▸ TASK
Omitting all pictures, copy word for word the lines from the line containing "Alpenveilchen Alpenveilchen" through the final line of the entries.

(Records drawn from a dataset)
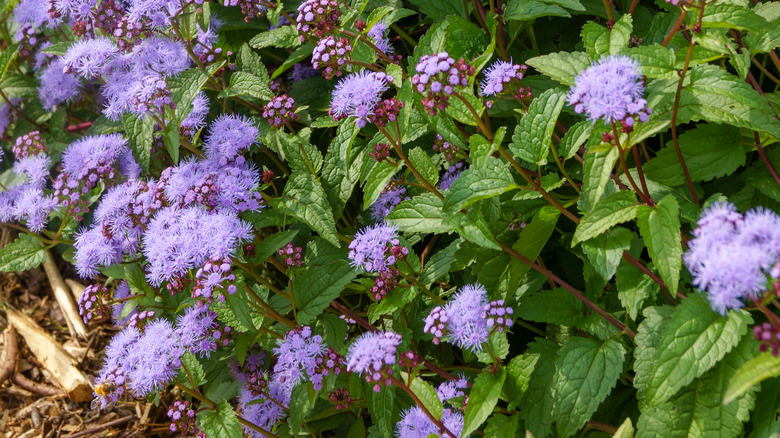 blue mistflower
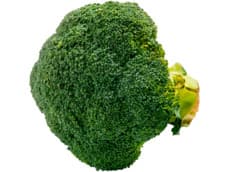 Hoogvliet Broccoli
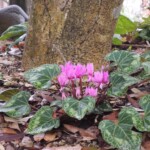 Alpenveilchen Alpenveilchen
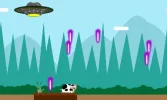 vaca2.webp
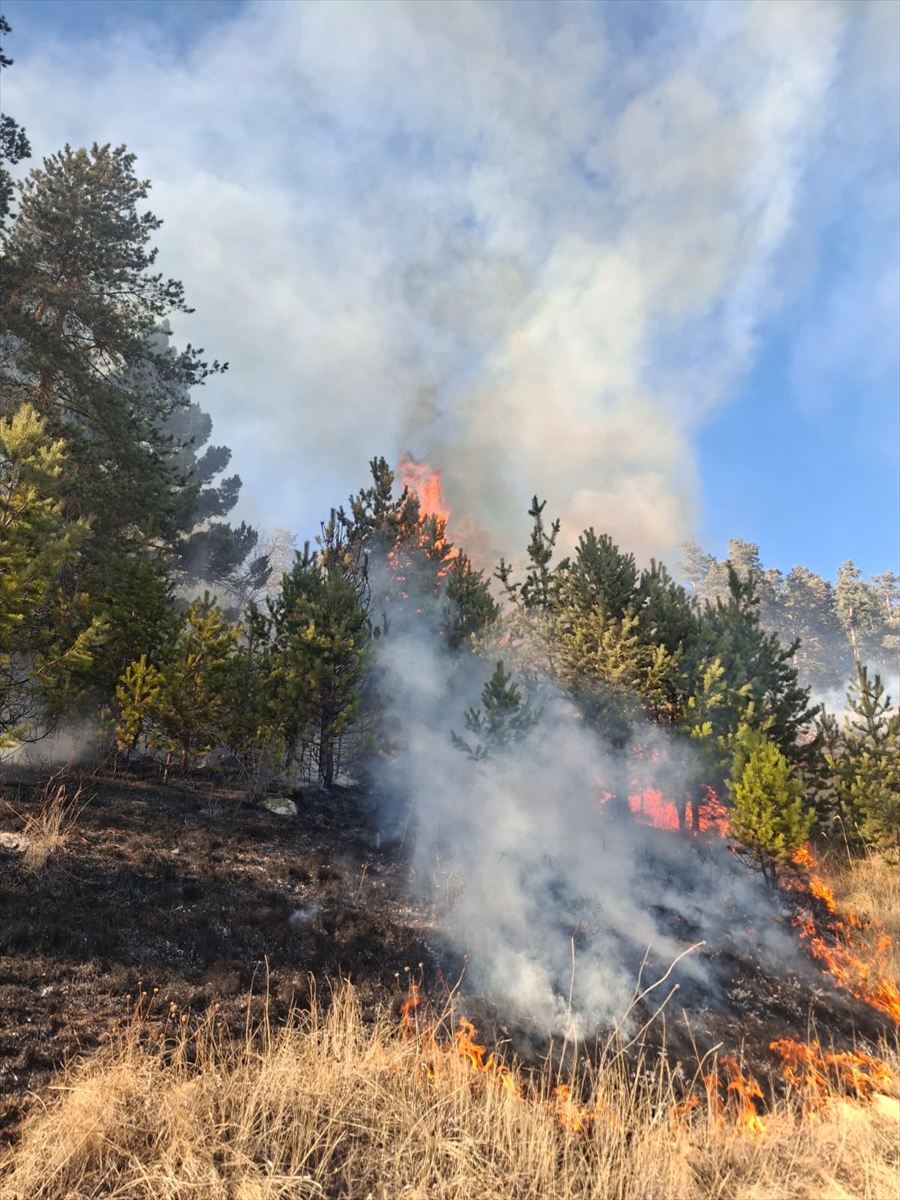ERZURUM (AA) – Erzurum'un Şenkaya ilçesinde çıkan orman yangınlarının ikisi
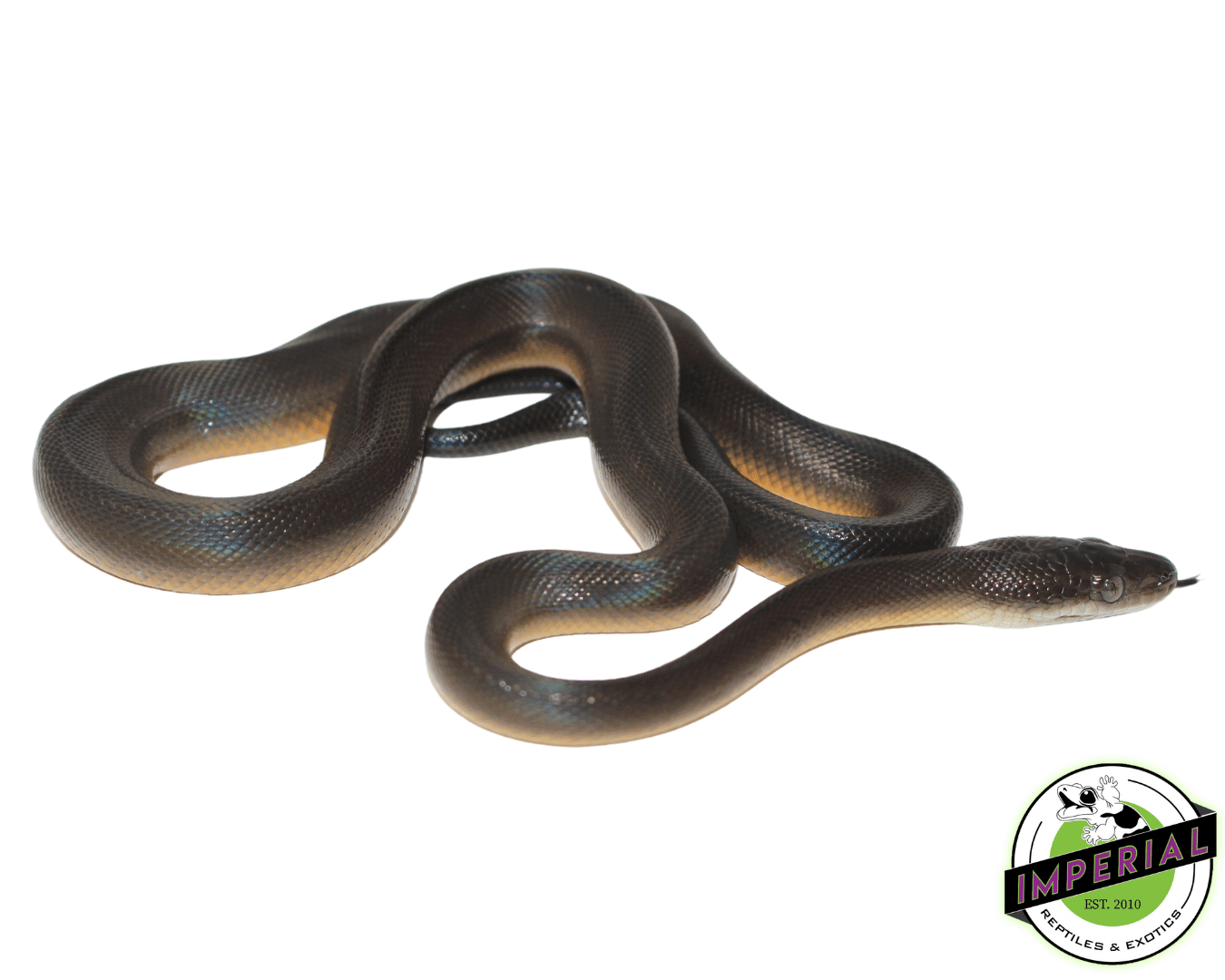 Water Python Baby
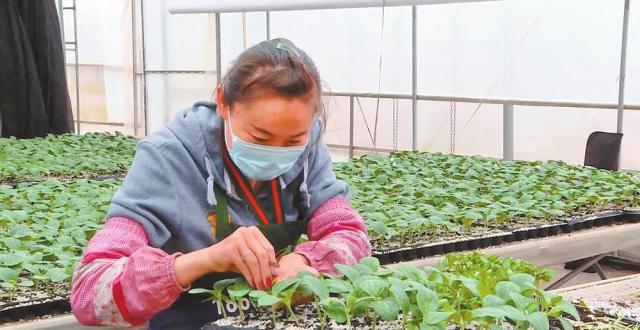 弥渡县：现代设施种植业扬优成势_腾讯新闻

▸ RESULT OF THIS EXERCISE
 Alpenveilchen Alpenveilchen
 vaca2.webp
ERZURUM (AA) – Erzurum'un Şenkaya ilçesinde çıkan orman yangınlarının ikisi
 Water Python Baby
 弥渡县：现代设施种植业扬优成势_腾讯新闻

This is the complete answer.